At a recent meeting the Party decided to restructure the system by placing the Central Guidance Board for Anti-corruption under the Party general secretary. Hitherto, it was under the Prime Minister.
“The previous board made several gains in preventing waste and corruption, but not to the extent expected by the people,” Sang told Tuoi Tre newspaper in an interview.
Considering Vietnam’s political system, having Party members in the board and the Party chief as the board’s leader was the best possible move.
“I believe there will be positive developments.
“We have no other choice but succeed this time, even if we have to resort to painful methods.”
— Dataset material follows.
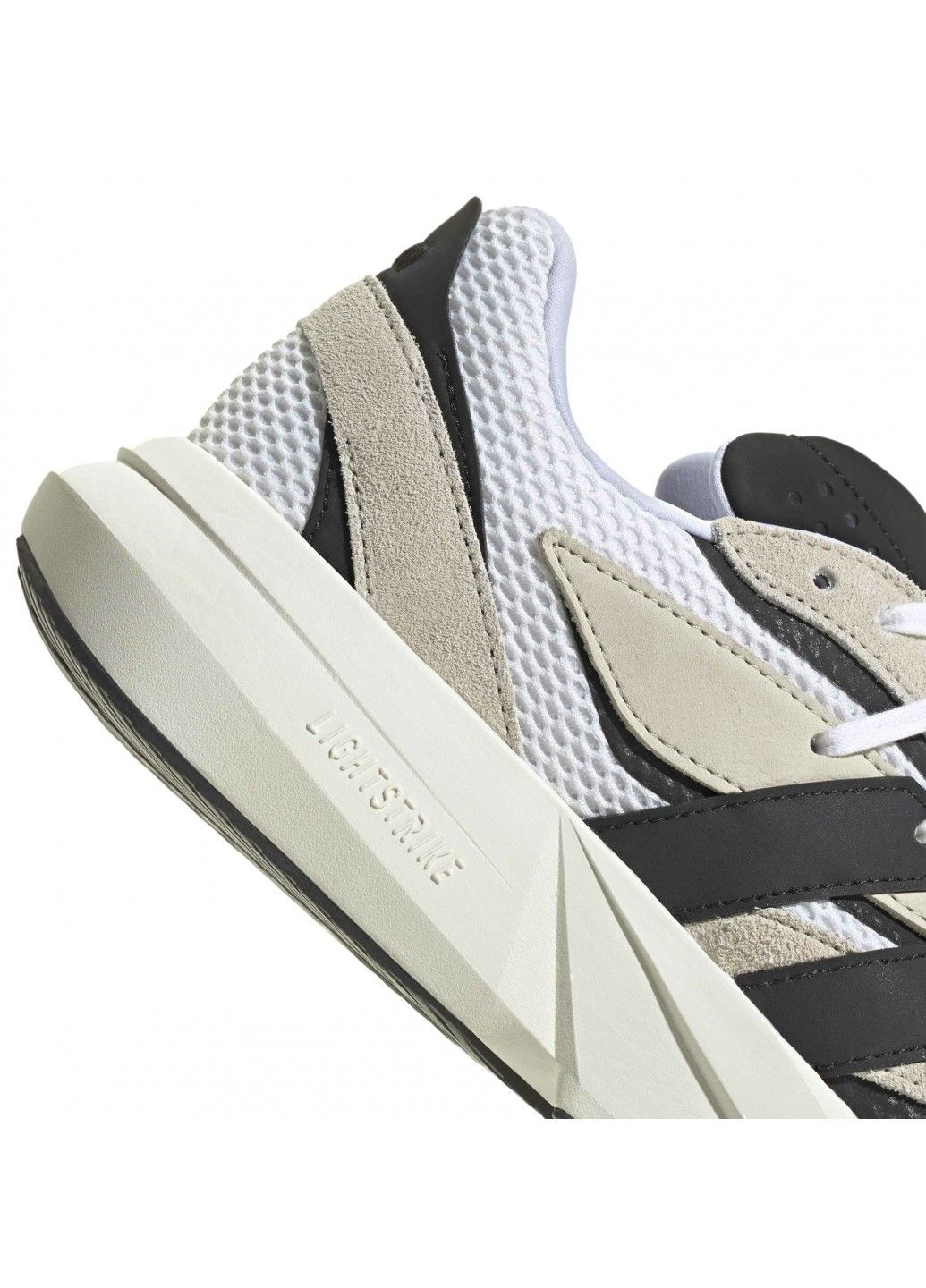 Бежеві кросівки демісезон adidas Lightblaze Shoes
A typical sign of corruption in Vietnam was government officials having “abnormal” assets and incomes.
But verifying them was a “huge” task, and the job would only become easier if Vietnam’s payment system switched from cash to credit cards.
“When cash is popular, there are risks of illegal incomes, of money laundering through real estate, stock, and banking channels.”
New report confirms corruption as entrenched as ever, Thanh Nien, Apr 13, 2012
Sixty-three percent of respondents to the survey by the Vietnam Chamber of Commerce and Industry (VCCI) said sending gifts, money to express gratitude to government officials is a common custom. 48 percent of companies interviewed were willing to pay bribes – often in the form of cash, luxury vacations, or lavish dinners – in a bid to win contracts to provide items or services to the public sector, the study said.
Some 70 percent of respondents agreed with the statement: “In case of working with government offices, give money first and everything will be easy.”
And a staggering 90 percent agreed that “it is impossible to eliminate corruption in a relation-based business culture.”
But none of this is very different from the findings of other reports issued years ago.